REDC has the crucial precondition requirement that its input (**xy** above) must satisfy **0** <= input < **NR**, and so we must ensure **0** <= **xy** < **NR**. However, even though it is commonplace to ensure **0** <= **x** < **N** and **0** <= **y** < **N**, there is no actual requirement to do so and we will find it can be advantageous to specify different requirements. So long as we satisfy REDC’s precondition, **x** and/or **y** can be greater than **N**, or negative. This insight allows us to achieve greater efficiency for Montgomery multiplication when we know the modulus is small in relation to **R**, such as **N** < **R**/**4**, or **N** < **R**/**2**.

## Modulus N < R/4

This special case originates from Section 5 of “Montgomery’s Multiplication Technique: How to Make It Smaller and Faster”. We will use relaxed invariant requirements of**0** <= **x** < **2N** and **0** <= **y** < **2N**.

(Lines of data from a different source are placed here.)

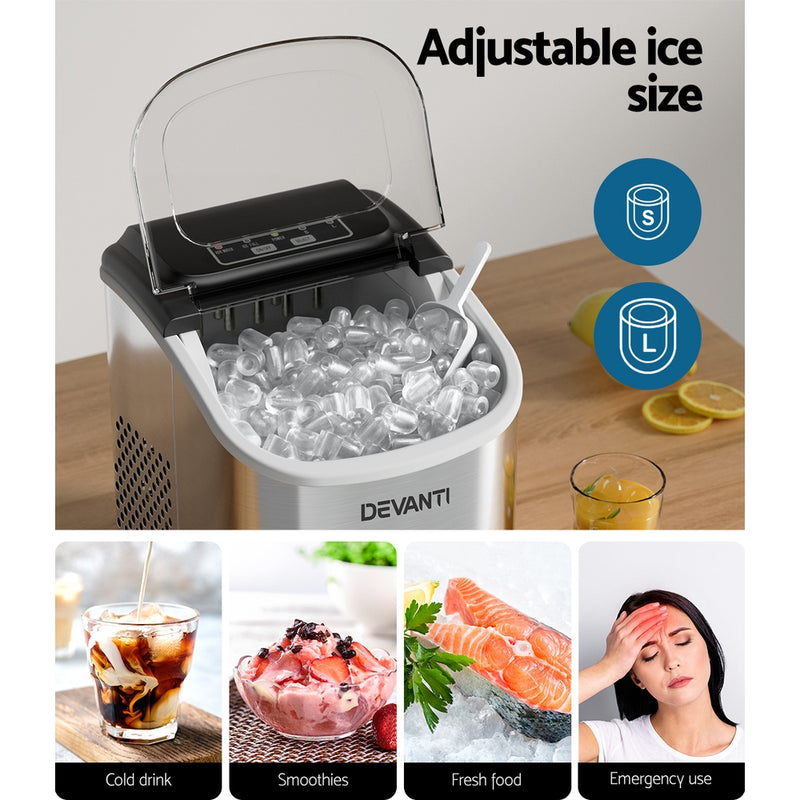 Danoz Kitchen - Devanti 12kg Ice Maker Machine w/Self Cleaning Silver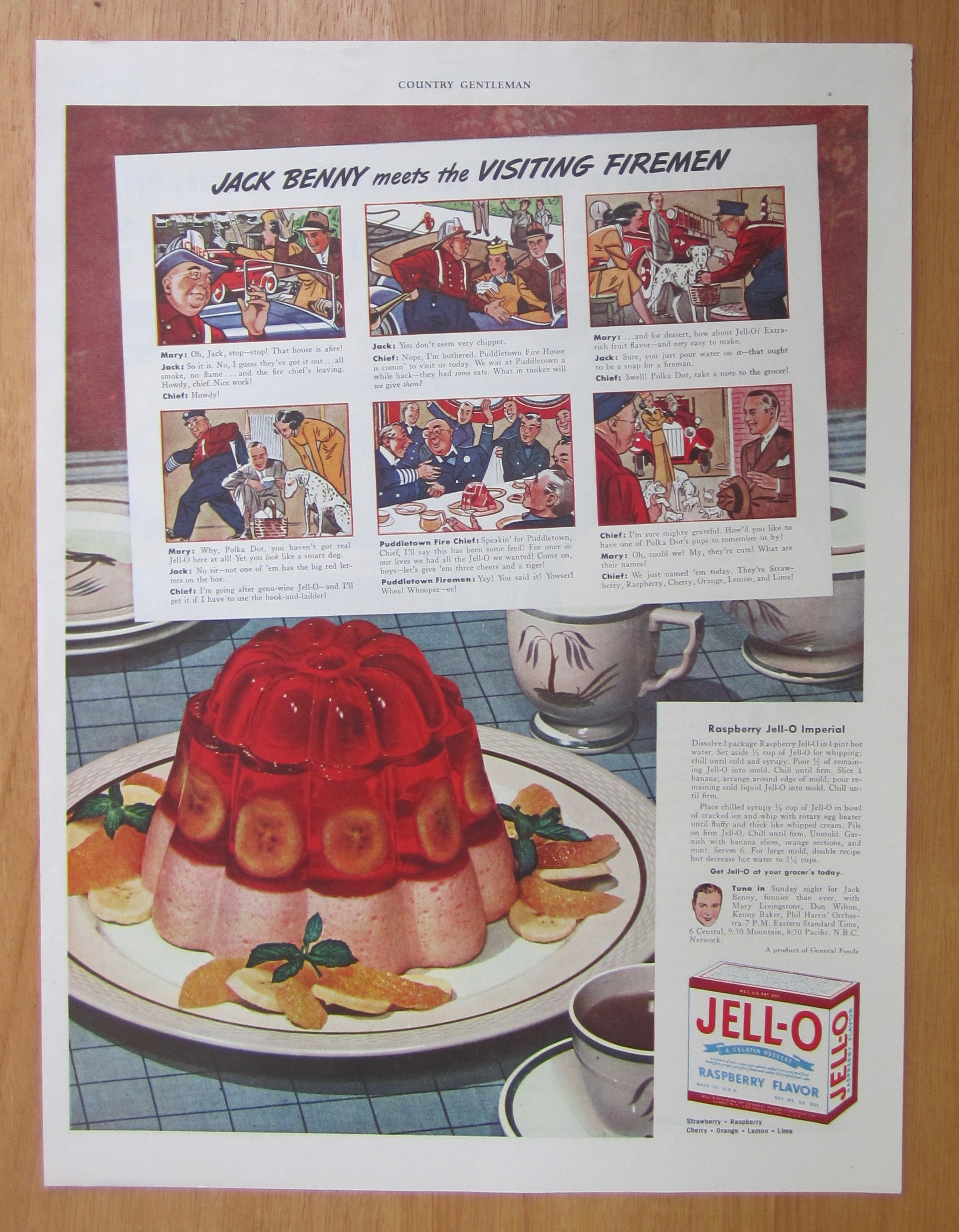 1939 Raspberry Jell-O w/ Jack Benny & Visiting Firemen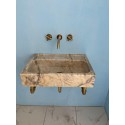 Gold Marble Sink, Powder Room Sink, Wall Mounted Marble Sink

Since we know **N** < **R**/**4**, we have**0** <= **x** < **2N** < **R**/**2**, and thus**0 **<= **xy** < **NR**.

Thus under our specified requirements for **x** and **y**, the product **xy** will always satisfy REDC’s precondition for an input. REDC produces an output **t** that satisfies **0** <= **t** < **N**, which we can now see is more strict than we need if we will use **t** as an input for further Montgomery multiplications: we specified that our inputs for Montgomery multiplication need only satisfy **0** <= value < **2N**. This means we could use a more efficient REDC that no longer guarantees **0** <= **t** < **N**, but instead guarantees **0** <= **t** < **2N**.

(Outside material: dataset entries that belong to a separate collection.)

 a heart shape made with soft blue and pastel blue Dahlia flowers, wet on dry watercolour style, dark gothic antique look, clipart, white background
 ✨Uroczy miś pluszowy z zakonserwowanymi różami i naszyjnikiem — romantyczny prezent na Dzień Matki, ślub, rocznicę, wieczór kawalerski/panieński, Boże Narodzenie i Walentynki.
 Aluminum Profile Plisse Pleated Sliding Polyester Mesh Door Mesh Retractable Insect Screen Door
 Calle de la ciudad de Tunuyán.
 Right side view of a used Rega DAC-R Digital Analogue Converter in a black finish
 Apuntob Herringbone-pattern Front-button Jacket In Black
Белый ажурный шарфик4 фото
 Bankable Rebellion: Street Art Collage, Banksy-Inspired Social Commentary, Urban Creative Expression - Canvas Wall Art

Modifying our preferred Alternate REDC algorithm (which uses the positive inverse) to produce an output **t** that only satisfies **0** <= **t** < **2N** allows us to remove a conditional branch or conditional move from the alternate REDC, giving us

**function** AlternateREDC_Quarter **is**
**input:** Integers *R* and *N* with gcd(*R*, *N*) = 1, and *N* in [0, *R*/4 − 1],
Integer *N*^{−1} in [0, *R* − 1] such that *NN*^{−1} ≡ 1 (mod *R*),
Integer *T* in the range [0, *RN* − 1]
**output:** Integer *S* in the range [0, *2N* − 1] such that *S* ≡ *TR*^{−1} (mod *N*)
*m* ⇐ ((*T* mod *R*)*N*^{−1}) mod *R*
*t* ⇐ (*T* − *mN*) / *R*
**return** *t* + *N*
**end function**

Similarly we could modify the Traditional REDC algorithm to remove the conditional branch (or conditional move) and the subtraction from the end of traditional REDC. The REDC only needs to ensure **0** <= **t** < **2N**.

## Modulus N < R/2

This case allows us to create a novel algorithm with similar performance benefits to what we achieved above. We will use the relaxed invariant requirements of **-N** <= **x** < **N** and **-N **<= **y** < **N**.

First we can note that if we need to square **x** (or **y**), then we have**0** <= **x*****x** <= **NN**

and since **N** < **R**,**0** <= **x*****x** < **NR**

This satisfies REDC’s precondition of **0** <= input < **NR**.

If we multiply **x** and **y**, then we have

–**NN** < **xy** <= **NN**

If **xy** >= **0**, then we have **0** <= **xy** <= **NN** < **NR**, which satisfies REDC’s precondition.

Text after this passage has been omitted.